The literal sense forms the bedrock. It is what the human author is trying to communicate through the text. Some people mistake the literal sense for the surface narrative. For example, in the Parable of the Sower, the literal sense is not just a story about a sower. The literal sense is also what Jesus is trying to communicate through the parable, namely, that people receive the word of God differently.
The remaining three are “spiritual” senses of scripture. The literal is what the human author wrote, but the spiritual sense is what the Holy Spirit wrote. The Church Fathers used the spiritual senses to discern what the Holy Spirit was saying in each verse.
The allegorical sense connects Scripture to major figures in salvation history—primarily Christ, but also Mary, the Church, the apostles, and even evil like the world, the flesh, and the devil. This sense reveals how a passage points beyond itself to the great drama of Salvation History.
For example, the story of Esther is an allegory for all of salvation history. Haman tries to kill Mordecai and the Jewish people. Esther intercedes to King Xerxes and then Haman is executed on the gallows he built for Mordecai. Xerxes represents God the Father, Esther is Mary, Mordecai is Christ, and Haman is Satan.
The moral sense of scripture is the sense of the passage that tells us how we ought to live today. It is the ”what does this passage say about my life” sense of scripture, but it goes even deeper than that. The moral sense encompasses the whole of the human condition. It reveals who we are as mankind and how we can be brought up to God.
For example, the Good Samaritan is a story about how we ought to care for our neighbor, but it is also a story about the human condition. We are the man beaten on the road from Jericho to Jerusalem. The scribe and the priest pass by, representing how the Law and the Prophets could not save us. Only one man (Christ) did save us.
The anagogical sense addresses the end times: death, judgment, heaven, hell, and purgatory. The anagogical sense is a revelation of how Christ will come again, how we will be in the future, and what the final image of the Church will look like in eternity.

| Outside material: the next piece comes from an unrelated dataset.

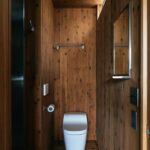 Minimalistická kúpeľňa s bielym závesným WC, vertikálnym dreveným obkladom a obdĺžnikovým zrkadlom.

An easy way to remember the three senses is faith, hope, and love. The allegorical talks about what we should believe, the moral how we should love, and the anagogical, what we should hope for.
What does each passage say about what we should believe, how we should live, and what we should anticipate?
Another way is the past, present, and future. The allegorical talks about what happened in the past, the moral what we ought to do today, the anagogical, how we ought to live in the future.
What does each passage say about the past, present, and the future?
In the end, all three spiritual senses are about Jesus Christ. The Holy Spirit inspired scripture to reveal the Son to us. You‘ll find it hard sometimes to separate the three spiritual senses. They interweave naturally—Christ yesterday, today, and forever. So do the connections to His Bride, the Church, yesterday, today, and forever.
Lesson 2: Embrace Numbers and Symbols
In On Christian Doctrine, St. Augustine focuses on explaining “signs” in scripture. A sign (or symbol) is a thing that points to a different thing. The Church Fathers approached Scripture with relentless attention to symbolic detail. They refused to accept any element as accidental or meaningless.
The Fathers tracked recurring symbols throughout Scripture: bread, oil, water, fire, wine, wind, fish, etc. These elements form a symbolic vocabulary that enriches interpretation across the Bible.
Bread = the Eucharist, being nourished by God, basic human needs.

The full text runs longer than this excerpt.